Target	Inhib. (%)*	Target	Inhib. (%)*
AdenosineA2A	−5	Muscarinic M2	−6
Adenosine A1	0	Muscarinic M3	2
Adrenergic α2A	16	Nicotinic Ach	2
Adrenergic α1A	27	Nicotinic Ach α1	9
Adrenergic α1B	16	Mu Opiate	7
Adrenergic β2	3	Phorbol Ester	9
Adrenergic β1	9	K ATP Channel	21
L-Type Ca Channel	6	hERG K Channel	−4
Cannabinoid CB1	16	Prostanoid EP4	3
Dopamine D2S	1	Rolipram	9
Dopamine D1	8	Serotonin 5-HT2B	23
GABAA – Site 1	0	Sigma σ1	7
GABAA – Site 2	5	Na Channel – Site 2	−4
Glutamate – NMDA	10	Norepi. Transporter	10
Histamine H1	12	Dop. Transporter	9
Imidazoline I2	4

^*Radioligand displacement measured in the presence of 10 μM fenethylline using the method of Eurofins Cerep Panlabs. Data shown as the average of two replicates.

Extended Data Table 2.

Binding and behavioral activity summary for DISSECTIV results.

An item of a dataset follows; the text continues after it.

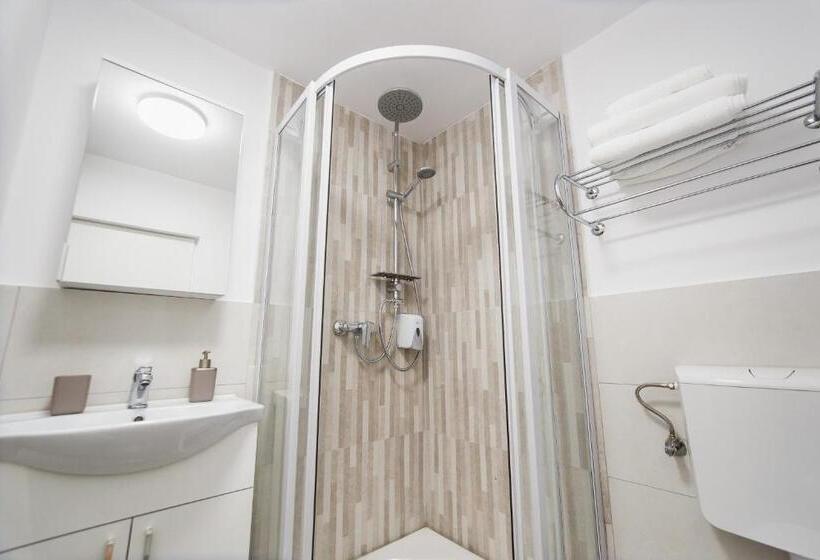 اتاق استاندارد, Apart Hotel Fresh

Measurement	KLH	FEN-KLH	THEO-KLH	1-A1-KLH
Fenethylline pIC50	>3.00	5.912 ± 0.079	5.727 ± 0.021	5.000 ± 0.022
Theophylline pIC50	>3.00	5.378 ± 0.079	5.385 ± 0.022	>3.00
Amphetamine pIC50	>3.00	>3.00*	>3.00	4.707 ± 0.012
Methamphetamine pIC50	>3.00	>3.00*	>3.00	3.682 ± 0.031
Cocaine pIC50	>3.00	>3.00	>3.00	>3.00
FEN-BSA Binding(OD)	0.076 ± 0.013	0.539 ± 0.112	0.321 ± 0.107	0.064 ± 0.054*
THEO-BSA Binding(OD)	0.066 ± 0.003	0.372 ± 0.033	1.226 ± 0.192	0.062 ± 0.056
1-A1-BSA Binding(OD)	0.070 ±0.051	0.306 ± 0.005	0.071 ± 0.067	2.590 ± 0.023
Serum Fenethylline (μM)†	15.76 ±6.21	43.40 ±10.90	36.70 ±3.81	33.53 ±8.25
Serum Theophylline (μM)†	90.80 ±12.68	127.20±22.10	151.20±16.87	51.50 ±12.12
Serum Amphetamine (μM)†	18.79 ±2.51	30.07 ±4.26	20.40 ±1.08	31.73 ±6.18
Locomotor Activity‡	326.1 ±62.88	95.86 ± 24.73	270.70± 73.89	128.30± 27.64
Plus Maze Activity‡	51.31 ±17.32	108.80± 22.99	62.46 ± 19.00	106.20± 16.17
Place Preference Activity‡	100.0±22.60	53.60 ± 48.29	57.79± 31.84	62.00± 44.84

^*Binding verified in alternative assay.

^†Concentration measurements taken at 15 minutes post-injection.

^‡Percent of baseline (20 mg/kg fenethylline). Data shown as mean ± SEM.